This is a subject that I think I should cover now, while the wounds are still fresh from last weekend. There really is no easy way to deal with it. The fact that sometimes you put in the work, and on the day something happens that is out of your control, and bang – game over!
That’s what happened to me, when I was just over 12 hours into the biggest race of the year and gunning down a 100 mile finish. The main race report will be coming soon but, for now I’ll just concentrate on the point at hand, the point that has been forefront on my mind!
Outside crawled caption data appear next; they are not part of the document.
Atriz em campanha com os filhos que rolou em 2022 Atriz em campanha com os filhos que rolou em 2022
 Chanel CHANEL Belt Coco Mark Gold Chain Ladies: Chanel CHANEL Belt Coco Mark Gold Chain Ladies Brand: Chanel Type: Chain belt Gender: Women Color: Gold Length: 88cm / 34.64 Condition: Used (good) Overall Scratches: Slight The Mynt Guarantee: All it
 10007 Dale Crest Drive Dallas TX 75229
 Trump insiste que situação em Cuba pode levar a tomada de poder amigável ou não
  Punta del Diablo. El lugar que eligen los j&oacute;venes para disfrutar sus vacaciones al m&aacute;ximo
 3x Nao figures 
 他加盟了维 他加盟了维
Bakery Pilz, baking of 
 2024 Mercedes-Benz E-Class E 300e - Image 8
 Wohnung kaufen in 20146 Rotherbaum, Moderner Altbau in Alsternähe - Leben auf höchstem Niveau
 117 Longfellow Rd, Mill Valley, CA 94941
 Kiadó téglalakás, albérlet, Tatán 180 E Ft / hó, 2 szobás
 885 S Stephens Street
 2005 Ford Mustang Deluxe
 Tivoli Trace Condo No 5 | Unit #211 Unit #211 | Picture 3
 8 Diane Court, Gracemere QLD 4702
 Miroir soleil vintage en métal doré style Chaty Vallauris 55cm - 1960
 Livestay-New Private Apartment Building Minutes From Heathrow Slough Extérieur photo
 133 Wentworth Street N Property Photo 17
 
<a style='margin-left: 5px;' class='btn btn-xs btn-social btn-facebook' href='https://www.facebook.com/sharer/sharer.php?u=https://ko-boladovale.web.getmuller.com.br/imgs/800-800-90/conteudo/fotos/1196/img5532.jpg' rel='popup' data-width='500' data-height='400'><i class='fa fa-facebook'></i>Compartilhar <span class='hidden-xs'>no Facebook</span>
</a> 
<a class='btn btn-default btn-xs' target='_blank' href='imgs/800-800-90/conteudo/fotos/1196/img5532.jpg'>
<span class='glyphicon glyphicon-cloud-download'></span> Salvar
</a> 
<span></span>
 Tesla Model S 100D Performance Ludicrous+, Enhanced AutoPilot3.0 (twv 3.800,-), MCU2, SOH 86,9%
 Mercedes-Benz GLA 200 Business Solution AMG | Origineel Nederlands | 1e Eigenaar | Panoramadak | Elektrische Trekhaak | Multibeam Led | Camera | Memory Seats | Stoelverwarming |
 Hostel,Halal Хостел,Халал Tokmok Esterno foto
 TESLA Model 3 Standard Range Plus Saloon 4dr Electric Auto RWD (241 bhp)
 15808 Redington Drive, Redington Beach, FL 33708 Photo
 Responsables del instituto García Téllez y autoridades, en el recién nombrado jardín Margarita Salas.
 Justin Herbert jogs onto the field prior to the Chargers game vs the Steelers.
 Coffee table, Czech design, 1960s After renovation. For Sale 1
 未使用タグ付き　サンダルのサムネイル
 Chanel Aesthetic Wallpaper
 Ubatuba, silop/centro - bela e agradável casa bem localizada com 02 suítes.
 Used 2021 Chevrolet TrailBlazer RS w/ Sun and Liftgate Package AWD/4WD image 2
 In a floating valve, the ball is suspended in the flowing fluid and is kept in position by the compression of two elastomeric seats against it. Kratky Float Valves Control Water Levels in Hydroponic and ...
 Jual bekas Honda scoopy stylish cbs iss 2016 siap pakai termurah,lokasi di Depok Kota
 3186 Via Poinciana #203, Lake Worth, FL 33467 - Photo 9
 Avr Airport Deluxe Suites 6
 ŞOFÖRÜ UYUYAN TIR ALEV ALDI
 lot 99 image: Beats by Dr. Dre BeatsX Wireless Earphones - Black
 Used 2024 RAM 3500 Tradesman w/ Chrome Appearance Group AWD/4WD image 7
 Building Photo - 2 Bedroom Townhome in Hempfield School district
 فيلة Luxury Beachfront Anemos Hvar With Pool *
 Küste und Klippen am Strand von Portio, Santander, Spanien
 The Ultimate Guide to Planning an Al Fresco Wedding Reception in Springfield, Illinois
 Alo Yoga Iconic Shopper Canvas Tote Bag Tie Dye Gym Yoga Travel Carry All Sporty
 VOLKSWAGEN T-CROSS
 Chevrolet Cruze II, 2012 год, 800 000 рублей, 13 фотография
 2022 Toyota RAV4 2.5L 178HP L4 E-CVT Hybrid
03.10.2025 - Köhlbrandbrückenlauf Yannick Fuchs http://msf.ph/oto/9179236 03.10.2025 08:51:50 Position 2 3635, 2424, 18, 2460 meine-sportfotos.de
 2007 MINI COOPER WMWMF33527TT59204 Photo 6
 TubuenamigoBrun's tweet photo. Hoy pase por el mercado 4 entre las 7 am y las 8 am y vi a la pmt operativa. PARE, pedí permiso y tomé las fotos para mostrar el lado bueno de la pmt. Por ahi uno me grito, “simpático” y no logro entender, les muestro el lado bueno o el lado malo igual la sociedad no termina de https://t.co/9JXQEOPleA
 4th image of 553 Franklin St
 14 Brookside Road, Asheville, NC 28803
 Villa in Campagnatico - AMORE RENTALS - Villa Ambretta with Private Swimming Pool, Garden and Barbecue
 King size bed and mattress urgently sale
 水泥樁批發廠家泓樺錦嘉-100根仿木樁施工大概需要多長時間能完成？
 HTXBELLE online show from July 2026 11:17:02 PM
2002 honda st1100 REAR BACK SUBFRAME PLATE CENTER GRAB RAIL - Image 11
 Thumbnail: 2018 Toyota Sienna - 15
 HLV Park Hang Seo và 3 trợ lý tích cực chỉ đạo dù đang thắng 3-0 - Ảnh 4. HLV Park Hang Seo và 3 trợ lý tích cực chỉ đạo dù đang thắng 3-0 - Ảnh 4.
So, I was on target and feeling great. After having no stomach issues, no real fatigue in the heat, and just generally having a good day, night had fallen and I was ready for a night of jogging around the course, and feeling the cool breeze that the darkness offered. Halfway around a lap, I felt a feeling in my right leg that can only be described as a bike chain coming off it’s cog.
Bang! An immediate stand still, followed by the pain of dragging myself back to the physio. I received the recommendation that I knew was coming but, always dread hearing. If I didn’t pull the pin I would end up doing permanent damage. Not something you want to hear, let alone it being only halfway in and you feeling ready to really turn up the night. My IT band (a tendon that runs up your leg from your knee to your hip) had decided it had done enough for one day.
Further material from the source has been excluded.